Negli stessi momenti in cui Silvio Berlusconi comunicava il contenuto del documento, il presidente della Camera partecipava alla riunione della capigruppo a Montecitorio per decidere sul ddl intercettazioni. Terminata la capigruppo Gianfranco Fini non ha voluto fare nessun commento. È andato via velocemente tornando nel suo studio

Un gruppo esterno al Pdl ma che appoggia la maggioranza. Sarà questo l'epilogo dello scontro in atto. I finiani sono pronti a costituire gruppi autonomi alla Camera e al Senato. A Montecitorio le sottoscrizioni pronte sarebbero 34, poco più di una decina al Senato, compresi Adriana Poli Bortone e Giovanni Pistorio. Pronti al salto anche la maggior parte dei finiani membri del governo, come Andrea Ronchi, Adolfo Urso, Roberto Menia, Antonio Bonfiglio. Le lettere di dimissioni dal gruppo parlamentare del Pdl a Montecitorio sono già state firmate. E sono ora nelle mani del presidente della Camera.

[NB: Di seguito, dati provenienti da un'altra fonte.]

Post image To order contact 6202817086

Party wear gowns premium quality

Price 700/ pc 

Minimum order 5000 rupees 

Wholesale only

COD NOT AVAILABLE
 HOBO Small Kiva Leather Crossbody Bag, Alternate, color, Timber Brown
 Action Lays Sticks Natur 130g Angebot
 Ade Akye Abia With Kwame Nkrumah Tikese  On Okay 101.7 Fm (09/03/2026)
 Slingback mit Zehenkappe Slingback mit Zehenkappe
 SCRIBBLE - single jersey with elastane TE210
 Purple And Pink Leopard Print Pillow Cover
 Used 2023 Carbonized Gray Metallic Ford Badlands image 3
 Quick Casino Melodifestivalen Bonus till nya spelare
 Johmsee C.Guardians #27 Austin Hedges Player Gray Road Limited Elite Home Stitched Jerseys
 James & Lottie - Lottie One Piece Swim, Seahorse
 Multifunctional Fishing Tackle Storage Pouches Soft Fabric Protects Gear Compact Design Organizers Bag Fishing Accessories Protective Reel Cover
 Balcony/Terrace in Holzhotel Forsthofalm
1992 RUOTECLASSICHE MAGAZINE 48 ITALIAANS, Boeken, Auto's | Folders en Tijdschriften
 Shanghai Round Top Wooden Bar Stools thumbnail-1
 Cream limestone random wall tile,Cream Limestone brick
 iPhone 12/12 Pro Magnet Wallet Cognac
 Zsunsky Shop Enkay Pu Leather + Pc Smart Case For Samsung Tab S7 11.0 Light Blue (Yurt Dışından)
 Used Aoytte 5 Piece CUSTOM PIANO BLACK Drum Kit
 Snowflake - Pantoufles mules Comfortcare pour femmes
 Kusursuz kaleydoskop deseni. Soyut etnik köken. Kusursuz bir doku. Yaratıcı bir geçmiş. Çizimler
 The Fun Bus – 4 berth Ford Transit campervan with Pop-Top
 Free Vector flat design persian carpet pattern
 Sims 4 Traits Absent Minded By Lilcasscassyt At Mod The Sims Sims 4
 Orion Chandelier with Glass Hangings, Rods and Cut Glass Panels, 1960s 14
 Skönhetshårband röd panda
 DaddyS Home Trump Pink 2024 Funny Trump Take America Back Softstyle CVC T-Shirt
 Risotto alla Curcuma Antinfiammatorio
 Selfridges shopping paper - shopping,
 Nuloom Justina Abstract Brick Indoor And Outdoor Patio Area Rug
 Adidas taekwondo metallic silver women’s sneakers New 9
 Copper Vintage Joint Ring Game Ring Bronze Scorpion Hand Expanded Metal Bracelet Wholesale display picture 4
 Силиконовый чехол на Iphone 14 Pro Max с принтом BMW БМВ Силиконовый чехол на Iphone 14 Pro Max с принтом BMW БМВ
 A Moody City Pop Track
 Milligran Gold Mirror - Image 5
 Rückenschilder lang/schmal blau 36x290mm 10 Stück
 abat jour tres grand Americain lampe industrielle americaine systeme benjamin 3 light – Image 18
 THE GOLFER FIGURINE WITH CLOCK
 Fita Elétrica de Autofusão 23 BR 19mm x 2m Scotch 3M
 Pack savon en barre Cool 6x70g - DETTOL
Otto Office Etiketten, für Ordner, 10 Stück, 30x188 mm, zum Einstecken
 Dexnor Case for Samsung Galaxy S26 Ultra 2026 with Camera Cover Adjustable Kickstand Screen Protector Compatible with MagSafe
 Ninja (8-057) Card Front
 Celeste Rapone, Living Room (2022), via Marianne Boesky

«Abbiamo tutti ritenuto che il Pdl non potesse pagare il prezzo troppo alto di mostrarsi un partito diviso» ha detto il premier Silvio Berlusconi rispondendo in conferenza stampa a chi chiedeva se la nascita di gruppi finiani non sia un prezzo troppo alta da pagare per la maggioranza.
«Non sono più disponibile - ribadisce il premier - ad accettare una forma di dissenso nel partito» che si esplica «come una vera e propria opposizione, con tanto di organizzazione e un vero e proprio partito nel partito, pronto a dar vita ad una aggregazione politica alternativa al Pdl».

Prima dello show down i finiani avevano messo gli ultimi paletti. Per evitare la rottura sarebbe stato necessario ripartire nel dialogio dai punti che Gianfranco Fini ha indicato nella sua intervista a Il Foglio di Giuliano Ferrara: la convocazione degli stati generali per l'economia, la definizione di un codice etico, l'azzeramento delle cariche di partito, l'aggiornamento del programma dell'esecutivo e la creazione di una commissione interna per verificare i conti del federalismo fiscale.

Ci saranno iniziative del Pdl perché Gianfranco Fini lasci la presidenza della Camera? Chiedono i cronisti al presidente del Consiglio. «Lasciamo che siano i membri del Parlamento ad assumere iniziative al riguardo», risponde Silvio Berlusconi.
Ma l'opposizione guarda oltre. «Questa è una crisi. Berlusconi venga in Parlamento», dice il segretario Pd, Pier Luigi Bersani. «Non abbiamo votato Fini ma dal momento in cui è stato eletto è il Presidente di tutta la Camera, anche dell'opposizione», precisa Dario Franceschini.